Depuis 1963, les romanistes essayent d’exorciser cette malédiction et empêcher qu’elle se réalise62. Il est incontestable que la romanistique a perdu la centralité dont elle jouissait jadis dans la culture juridique européenne. Un tel phénomène, par ailleurs, n’est pas propre au seul droit romain, mais il concerne l’ensemble de la culture classique, qui devient de plus en plus marginale pour la culture européenne63.
En dépit de ce phénomène, il est encore tôt pour considérer que le droit romain est inévitablement condamné à la disparition. La constante réflexion méthodologique et la riche production scientifique révèlent que la romanistique demeure un acteur dans le monde du droit européen.
Plusieurs décennies après la parution de l’Europa und das römische Recht et Die Krise des römischen Rechts Die Krise des römischen Rechts, la réflexion de Koschaker semble d’actualité64.

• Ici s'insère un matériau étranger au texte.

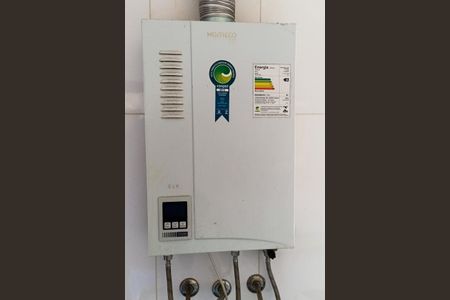 Casa à venda com 400m², 4 quartos e 3 vagas Casa à venda com 400m², 4 quartos e 3 vagasAquece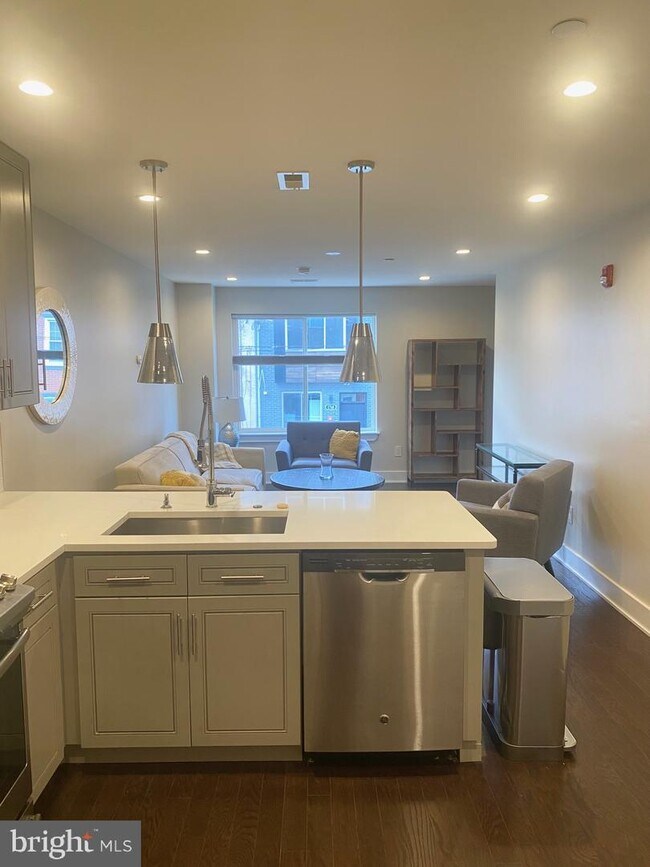 Foto del edificio - 1747 N Marshall St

Son invitation à cultiver les deux âmes de notre discipline, l’une dogmatique et l’autre historique, pourrait encore aujourd’hui montrer la direction à suivre65. Il est sans doute impossible d’accueillir la démarche de Koschaker dans son intégralité. L’auteur ne s’est pas limité en effet à insister sur la nécessité de maintenir une démarche dogmatique, mais il a également invoqué explicitement une « actualisation66 » de l’enseignement du droit romain avec le mot d’ordre « zurück zu Savigny67 ». L’emploi du terme actualisation n’emporte pas l’adhésion, en dépit des nuances apportées par Koschaker68 et de sa limitation au seul domaine de l’enseignement69.
Ce n’est pas l’actualisation qui paraît nécessaire, mais plutôt le maintien d’une démarche dogmatique. Celle-ci semble essentielle pour la sauvegarde du droit romain au sein des facultés de droit et, de manière plus générale, pour la sauvegarde de sa spécificité disciplinaire70.
La multiplication des approches méthodologiques ne peut que rendre la discipline plus vive et lui permettre de continuer le dialogue avec d’autres branches du savoir71. En empruntant les remarques lucides de Yan Thomas, il ne faut pas renoncer à écrire une histoire des dogmes72, ayant dans le droit romain son point de départ pour la culture juridique européenne. Une telle œuvre n’est pas opposée à une étude historique du droit, mais au contraire elle lui est complémentaire, voir même nécessaire.
C’est par une étude des dogmes qu’il est en possible de montrer que le droit romain n’a pas posé de principes fondamentales et éternels73, mais que les notions juridiques ont une histoire et qu’elles connaissent des évolutions et des adaptations au fil du temps.